Calc 3 Vector Problem: Finding A and B with Given Coordinates and Midpoint

[Allenman]

I mostly just want to know if I did this correctly... And if not, where I went wrong.

Homework Statement

Of $\overline{U}$=(-2, 6) is the vector $\overline{AB}$ and the midpoint of the line segment from A to B has the coordinates (2,1).

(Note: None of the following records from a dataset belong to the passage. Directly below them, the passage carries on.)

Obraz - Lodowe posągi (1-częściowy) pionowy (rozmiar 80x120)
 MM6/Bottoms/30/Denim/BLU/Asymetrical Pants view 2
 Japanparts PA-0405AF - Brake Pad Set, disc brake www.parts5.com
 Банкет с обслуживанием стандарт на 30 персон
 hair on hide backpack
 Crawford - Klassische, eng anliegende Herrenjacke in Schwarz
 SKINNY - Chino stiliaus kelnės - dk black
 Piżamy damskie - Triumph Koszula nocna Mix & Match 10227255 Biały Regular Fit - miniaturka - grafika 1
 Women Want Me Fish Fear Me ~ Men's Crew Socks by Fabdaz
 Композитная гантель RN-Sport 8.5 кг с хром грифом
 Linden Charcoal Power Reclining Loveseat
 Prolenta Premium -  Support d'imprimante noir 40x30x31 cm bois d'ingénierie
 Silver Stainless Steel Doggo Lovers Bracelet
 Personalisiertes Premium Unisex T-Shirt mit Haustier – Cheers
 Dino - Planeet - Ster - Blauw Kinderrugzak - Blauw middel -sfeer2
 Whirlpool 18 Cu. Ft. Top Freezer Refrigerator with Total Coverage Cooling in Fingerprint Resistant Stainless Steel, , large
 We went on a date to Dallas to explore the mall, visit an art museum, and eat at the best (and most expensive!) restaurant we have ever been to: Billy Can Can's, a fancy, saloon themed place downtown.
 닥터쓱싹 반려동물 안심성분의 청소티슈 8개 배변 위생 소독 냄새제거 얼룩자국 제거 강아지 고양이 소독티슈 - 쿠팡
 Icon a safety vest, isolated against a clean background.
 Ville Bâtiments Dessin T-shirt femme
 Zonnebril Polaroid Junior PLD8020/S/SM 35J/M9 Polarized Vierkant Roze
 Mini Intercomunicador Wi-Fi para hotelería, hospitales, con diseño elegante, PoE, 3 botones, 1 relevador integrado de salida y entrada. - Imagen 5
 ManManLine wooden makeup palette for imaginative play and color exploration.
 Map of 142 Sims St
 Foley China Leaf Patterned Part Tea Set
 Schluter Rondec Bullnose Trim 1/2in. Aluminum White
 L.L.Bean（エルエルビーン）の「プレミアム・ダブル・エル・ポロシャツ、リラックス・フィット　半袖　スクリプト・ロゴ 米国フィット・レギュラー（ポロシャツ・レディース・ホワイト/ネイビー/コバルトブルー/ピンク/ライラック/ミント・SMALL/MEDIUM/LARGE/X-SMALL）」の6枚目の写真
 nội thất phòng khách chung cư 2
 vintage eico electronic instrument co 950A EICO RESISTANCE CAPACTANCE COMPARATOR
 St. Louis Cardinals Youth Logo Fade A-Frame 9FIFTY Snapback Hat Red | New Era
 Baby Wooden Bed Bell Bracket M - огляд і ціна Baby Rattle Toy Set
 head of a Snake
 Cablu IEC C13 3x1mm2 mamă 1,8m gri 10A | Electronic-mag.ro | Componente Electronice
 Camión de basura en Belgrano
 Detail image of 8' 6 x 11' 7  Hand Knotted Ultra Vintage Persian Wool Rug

Find A and B.
Let
$\overline{A}$=(a₁, a₂)
$\overline{B}$=(b₁, b₂)

Homework Equations

The Attempt at a Solution

$\overline{AB}$=(a₁, b₁) + t(b₁-a₁, b₂-a₂)

rearranging I got:
$\overline{AB}$=(1-t)(a₁, b₁) + t(a₂, b₂)

So when t=0 I have the coordinates (a₁ and b₁)
and when t=1 I have the coordinates (a₂ and b₂)

So plugging the numbers:
$\overline{AB}$=(-2,6) + t(-2 - 2, 6 - 1)
=(1-t)(-2, 6) + t(2, 1)
$\overline{A}$=(-2, 2)
$\overline{B}$=(6, 1)

Did I do it right? or am I way off?... lol

 

[issacnewton]

allen,

i think something is wrong. if t=0 , you should get point A, the coordinate
$(a_1,b_1)$ is not point A.

I will do this as following. let O be the origin. and let the coordinates of A and B be
(a₁,a₂) , (b₁,b₂). let the M be midpoint of
the segment AB , then

$$\vec{AB}=\vec{OB}-\vec{OA}=(b_1,b_2)-(a_1,a_2)=(b_1-a_1,b_2-a_2)$$

$$\vec{AM}=\vec{OM}-\vec{OA}=(2,1)-(a_1,a_2)=(2-a_1,1-a_2)$$

$$\vec{MB}=\vec{OB}-\vec{OM}=(b_1,b_2)-(2,1)=(b_1-2,b_2-1)$$

now realize that vectors AM and MB are the same since they have same magnitude and direction.

$$\vec{AM}=\vec{MB}$$

so you get 4 equations and 4 unknowns . solve it. I got

$$A=(3,-2) \; , B=(1,4)$$

just to confirm the answer, use midpoint formula for A and B and you get back the coordinate of point M.

 

[Allenman]

Thank you very much! You're awesome! :)